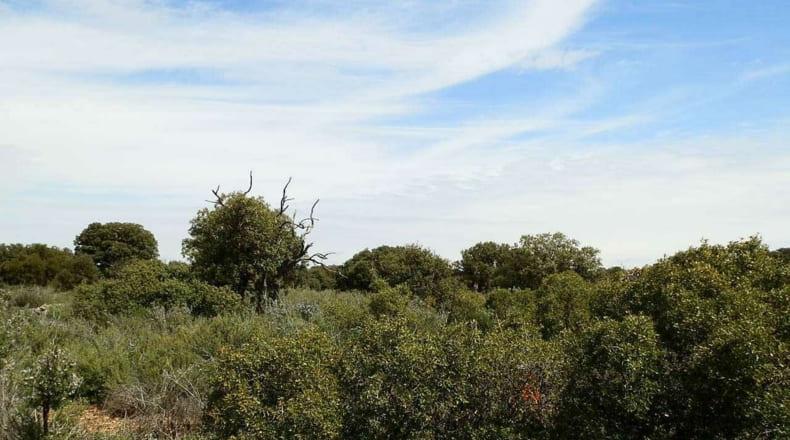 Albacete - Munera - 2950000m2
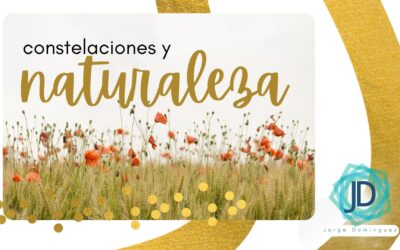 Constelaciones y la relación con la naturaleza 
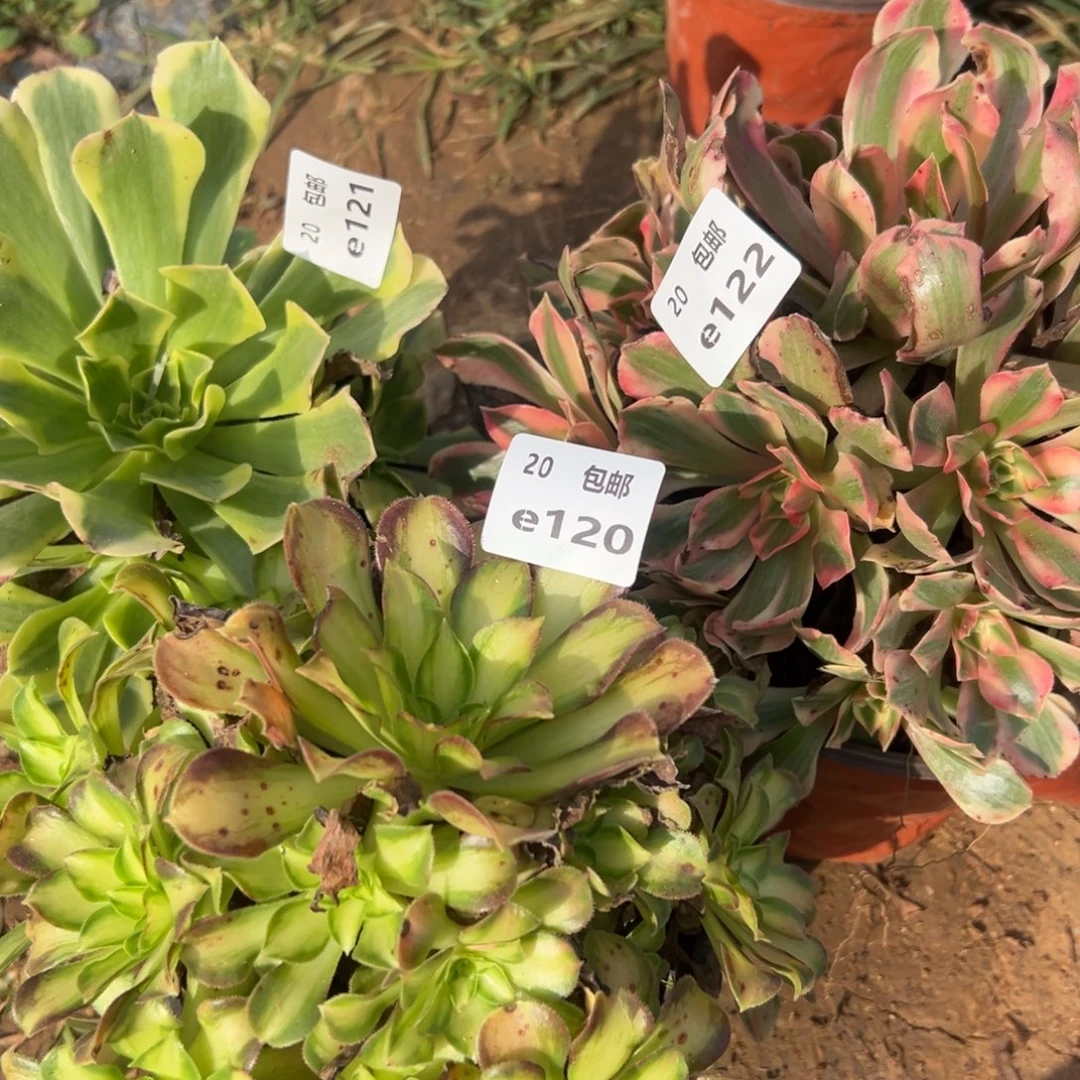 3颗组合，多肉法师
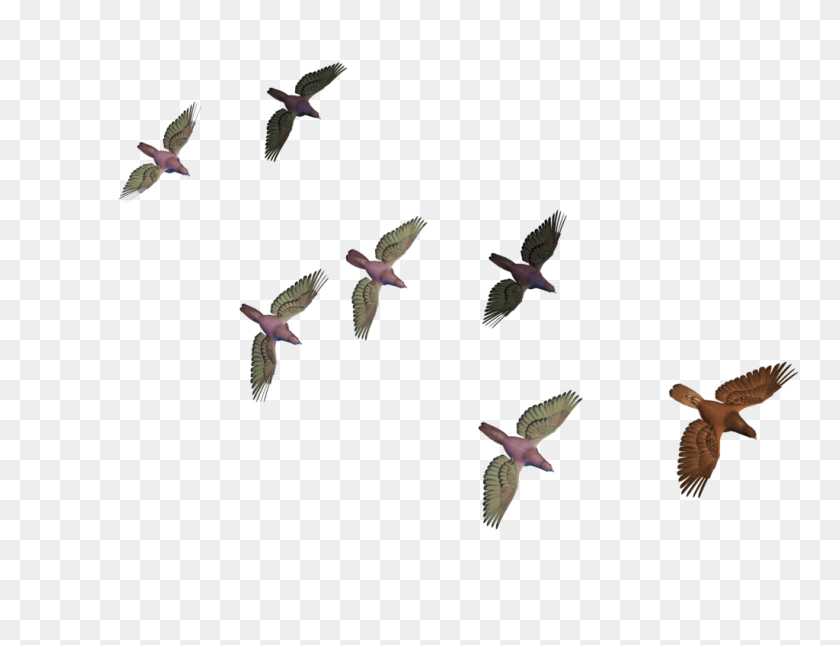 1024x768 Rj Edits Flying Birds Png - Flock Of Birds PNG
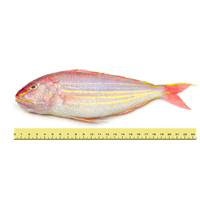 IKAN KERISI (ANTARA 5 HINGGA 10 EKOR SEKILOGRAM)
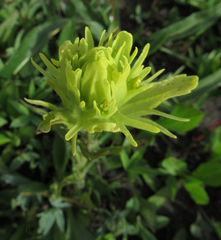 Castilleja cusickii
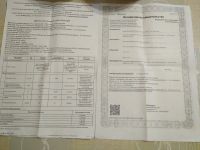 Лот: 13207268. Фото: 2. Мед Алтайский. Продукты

+-------+

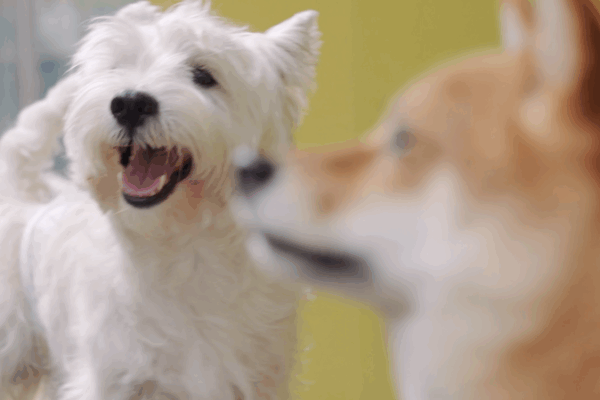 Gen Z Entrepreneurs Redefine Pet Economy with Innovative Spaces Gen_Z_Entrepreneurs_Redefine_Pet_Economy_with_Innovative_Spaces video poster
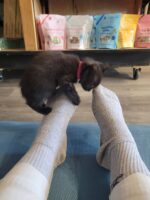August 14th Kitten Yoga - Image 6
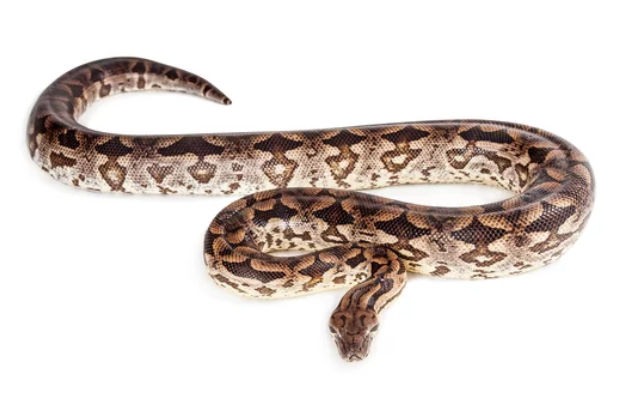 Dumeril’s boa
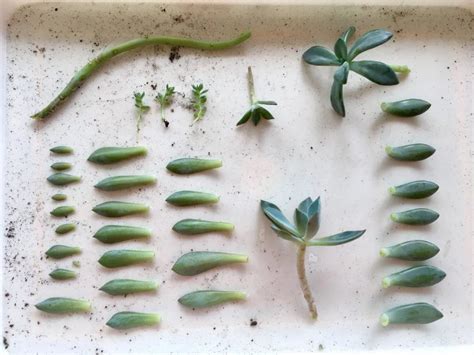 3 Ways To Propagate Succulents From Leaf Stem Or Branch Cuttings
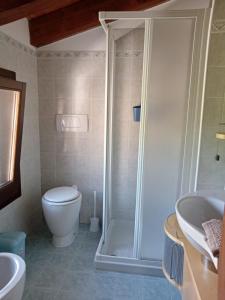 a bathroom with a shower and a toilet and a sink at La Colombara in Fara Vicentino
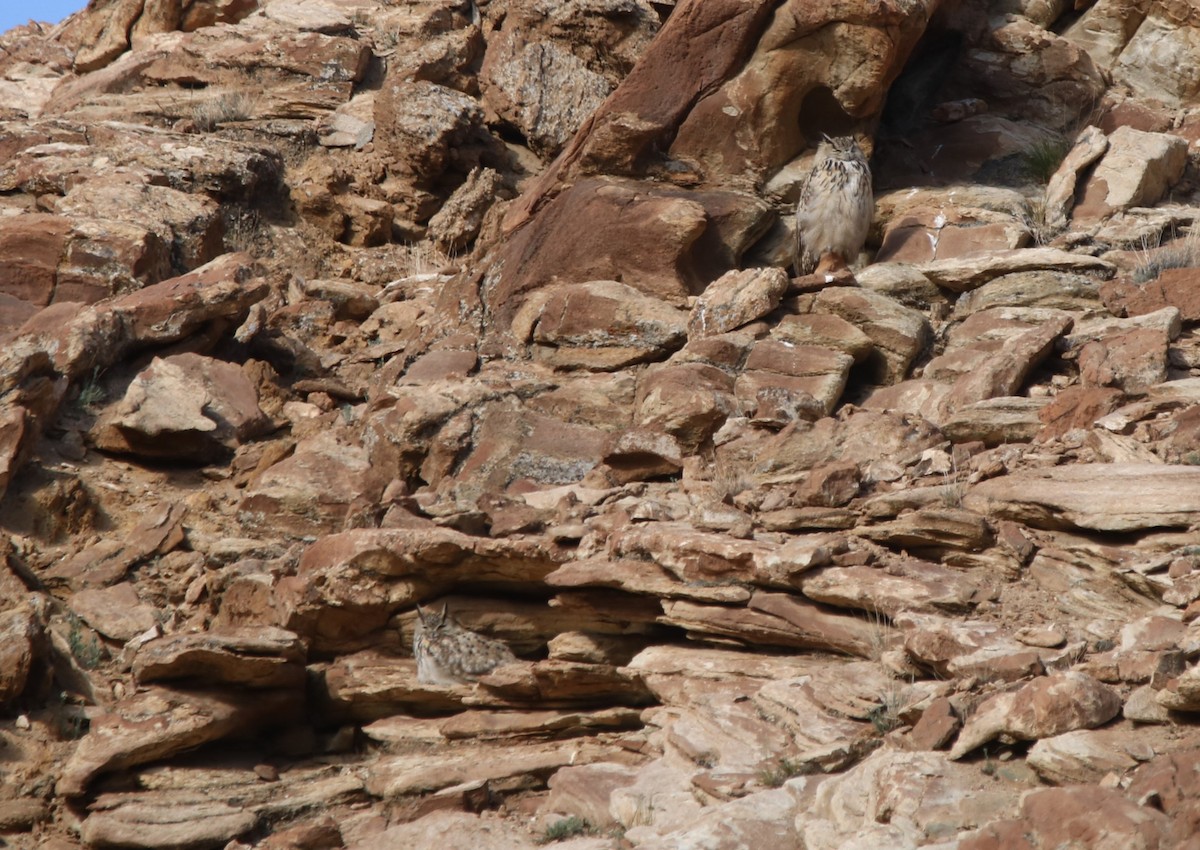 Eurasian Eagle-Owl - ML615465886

+-------+

Goal of the exercise: Using the entries above, repeat exactly the lines from the one with "1024x768 Rj Edits" to the one with "Лот: 13207268. Фото: 2.", both included, and leave the pictures behind.

Exercise answer:
 1024x768 Rj Edits Flying Birds Png - Flock Of Birds PNG
 IKAN KERISI (ANTARA 5 HINGGA 10 EKOR SEKILOGRAM)
 Castilleja cusickii
 Лот: 13207268. Фото: 2. Мед Алтайский. Продукты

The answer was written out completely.